Seven years of silent inquiry are needful for a man to learn the truth, but fourteen in order to learn how to make it known to his fellow-men.
-Plato

 

To know something, of course, is not so easily defined within the realms of carnality and baseness that plague the human experience. If it were, it would not have been a topic so often discussed over generations of documented discourse, and to such varying degrees among rhetorical theorists. How can one know something without truth being the implicit purveyor of such knowledge? Plato speaks to this, in his work Republic, when he says,

In the world of knowledge, the essential Form of Good is the limit of our inquiries, and can barely be perceived but, when perceived, we cannot help concluding that it is in every case the source of all that is bright and beautiful –in the visible world giving birth to light and its master, and in the intellectual world dispensing, immediately and with full authority, truth and reason –and that whosoever would act wisely, either in private or in public, must set this Form of Good before his eyes (Plato & Watt 1997 228).

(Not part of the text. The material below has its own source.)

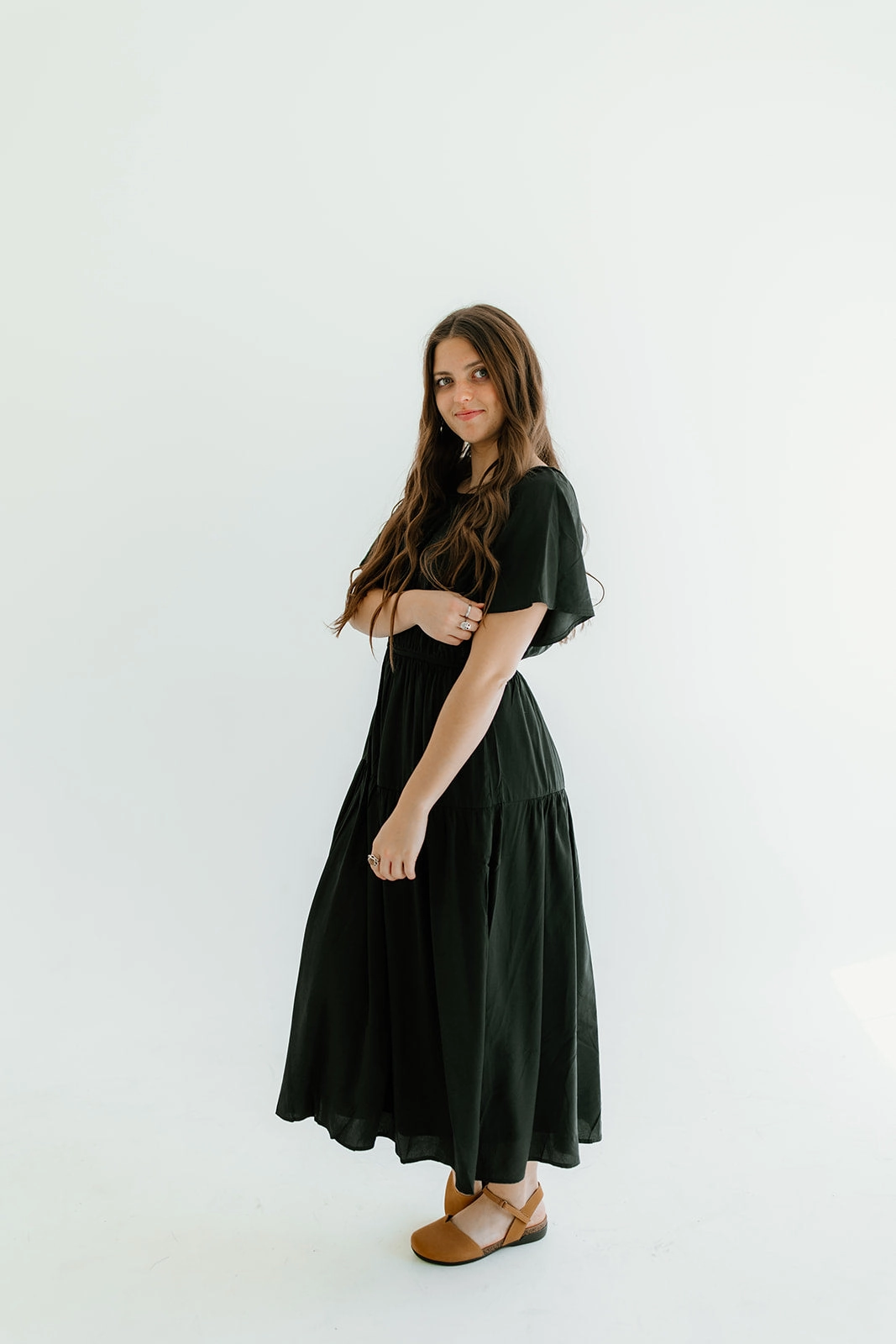 Smart Piece Bright Petal Angie Dress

Plato is not only placing knowledge as highly essential to experiencing goodness in life, but he also alludes to the attaining of it, through truth and reason, only being done by those who would act wisely. Interestingly enough, he also leaves room for man’s inability to ever truly know anything. Of course, the word know can encompass both one’s own perception of what is true— through the vehicles of information purveyance that are readily available to them— as well as what would be universally true and supported by empirical data. Truth is what is, but is also that which leads the searcher to what can be known and not simply what is probable. Probabilities, as Plato would say, are not knowledge but are mere appearances of such knowability. He goes a bit further in his work Phaedo where he says, “arguments derived from probabilities are idle, and unless one is on one’s guard against them, they are very deceptive” (Plato & Lindsay 170). I would even go so far as to say that such arguments are not arguments at all but, as Chaucer would have said, are nothing more than wind from the port side; mere acts of deception.

 

 

Probabilities seem to be the result of rhetoric, in its modern sense, and were one of Plato’s dissensions of rhetorical practice. More important to Plato, was the search for truth in all situations. He identified it as preeminent above rhetoric. Often, he referred to rhetoric in the pejorative sense, as he related it to those he viewed as manipulative, deceitful, and corruptive in discursive utilization. Much of his commentary on this subject, is in direct reference to Sophists such as Gorgias, who utilized rhetorical speech specifically for the purpose of manipulation. Much of Gorgias’ views on rhetoric stemmed from a belief that, in effect, nothing exists, or if it does in fact exist that we cannot know it, and if we can know it, we cannot effectively communicate what we know, without having shared experiences relying on shared deceptions, that are affected by language. He believed that language not only creates, but also changes, our opinions that become our only source of available knowledge (TRT 45; 83).  Therein lies Plato’s dissent. Plato’s concerns of this sort of approach to rhetoric are not relegated to pre-modernity, however. This concern should be just as much a modern one here as it was in Plato’s Athens (TRT 80). This sort of nihilistic approach to information-gathering is what seems to lead to the must-be-first mentality of the news media, as well as the social media phenomenon of shutting down speech that breaks from popular convention. This phenomenon, of course, could not be as effective as it has become, without this value placed on shared experiences that create groups of activists toward varying social causes. The next logical conclusion of these approaches will always lead malleable people to misuse their rhetorical power for their own purposes and to use the technological mediums, which now allow for information to be pushed to the masses within seconds, toward ends that only serve those who wield that power most effectively; or most manipulatively.